■ **YOUR TASK**: Skip the pictures and repeat each line of the data exactly.

■ **RECORDS PROVIDED**:
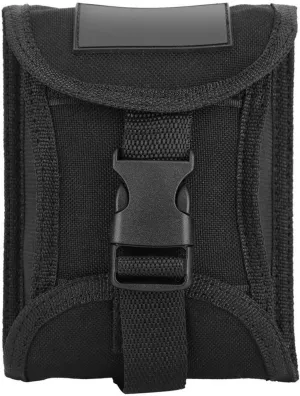 Joyzan Scuba Diving Weight Pocket, Universal Snorkeling Trim Counter Pouch 3KG Waterproof Nylon Diver Tank Belt Dive Spare Parts Storage Bag System Replacement Quick Release QR Buckles Travel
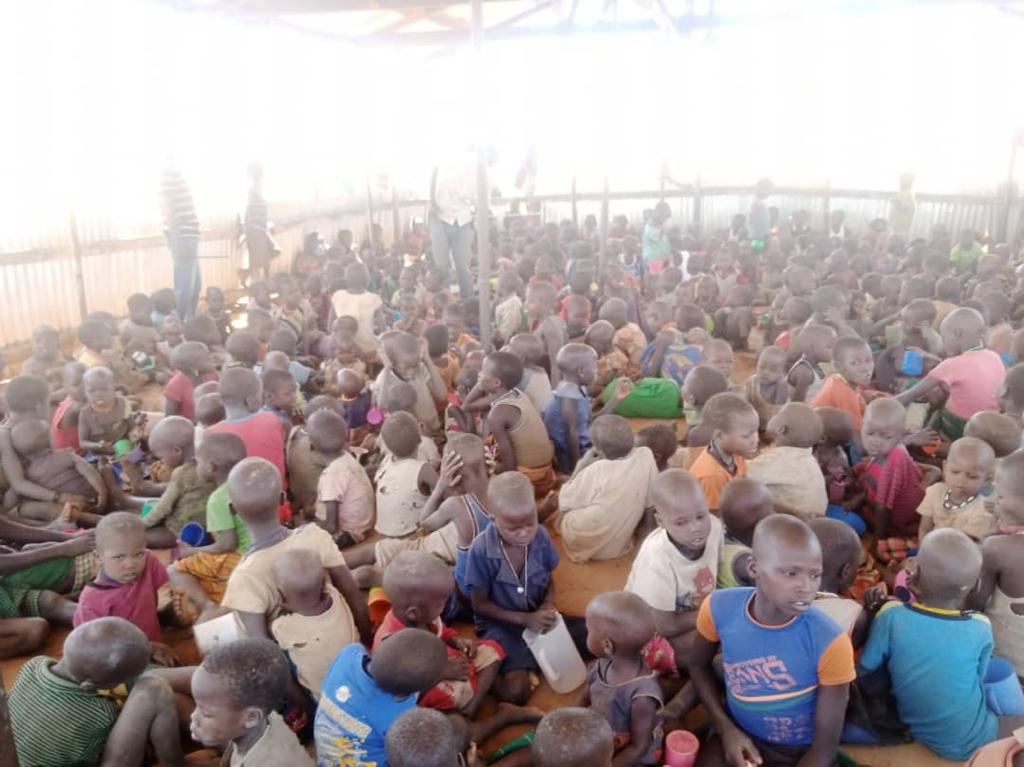 Uganda photo
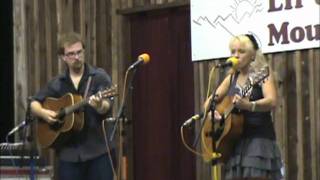 &quot;Love&quot; (Country song) written &amp; performed by Donna Hughes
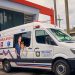 Sistema de salud municipal se conecta a la central de comunicaciones de la alcaldía de Villavicencio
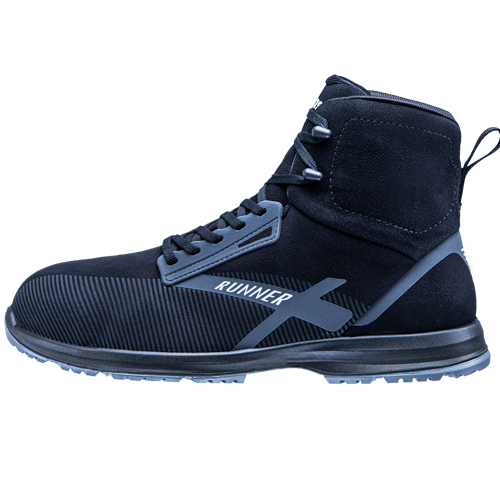 Atlas Runner 105 Sicherheitsstiefel S3 SRC ESD 89900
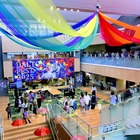 【中学受験】ドルトン東京学園祭「Dalton Fest 2026」10/31・11/1…生徒の学びと挑戦を体感 画像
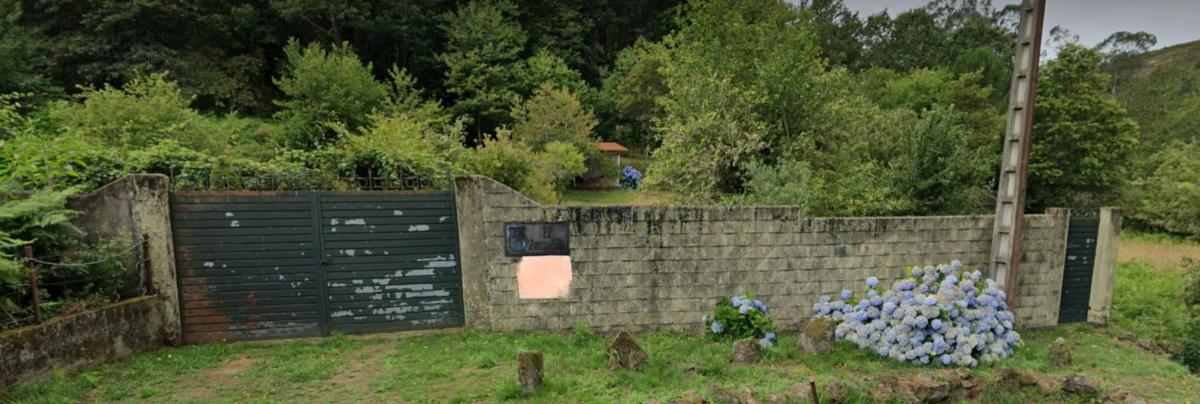 Land for sale in Fornelos, Pontevedra photo 3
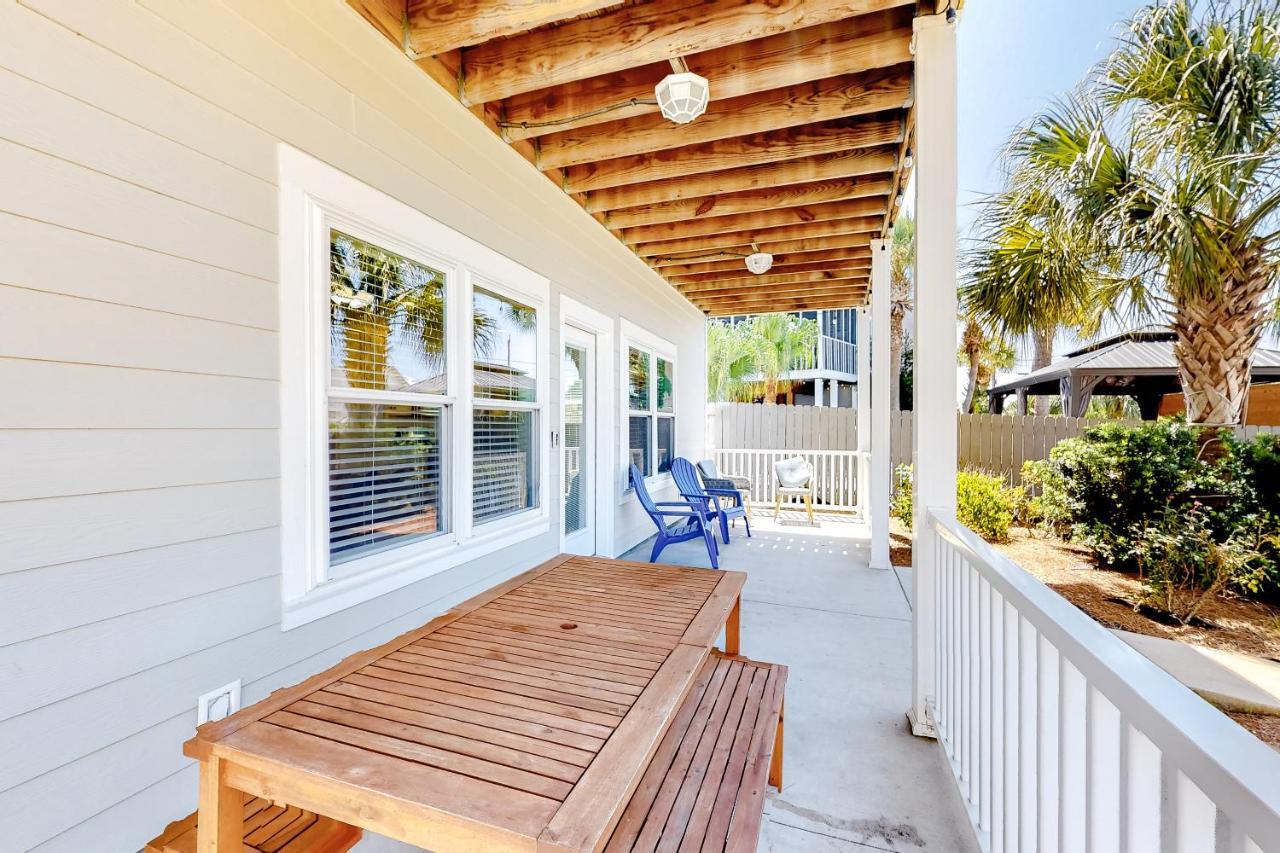 2 Palms A * Panama City Beach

■ **RESPONSE BOX**:
 Joyzan Scuba Diving Weight Pocket, Universal Snorkeling Trim Counter Pouch 3KG Waterproof Nylon Diver Tank Belt Dive Spare Parts Storage Bag System Replacement Quick Release QR Buckles Travel
 Uganda photo
 &quot;Love&quot; (Country song) written &amp; performed by Donna Hughes
 Sistema de salud municipal se conecta a la central de comunicaciones de la alcaldía de Villavicencio
 Atlas Runner 105 Sicherheitsstiefel S3 SRC ESD 89900
 【中学受験】ドルトン東京学園祭「Dalton Fest 2026」10/31・11/1…生徒の学びと挑戦を体感 画像
 Land for sale in Fornelos, Pontevedra photo 3
 2 Palms A * Panama City Beach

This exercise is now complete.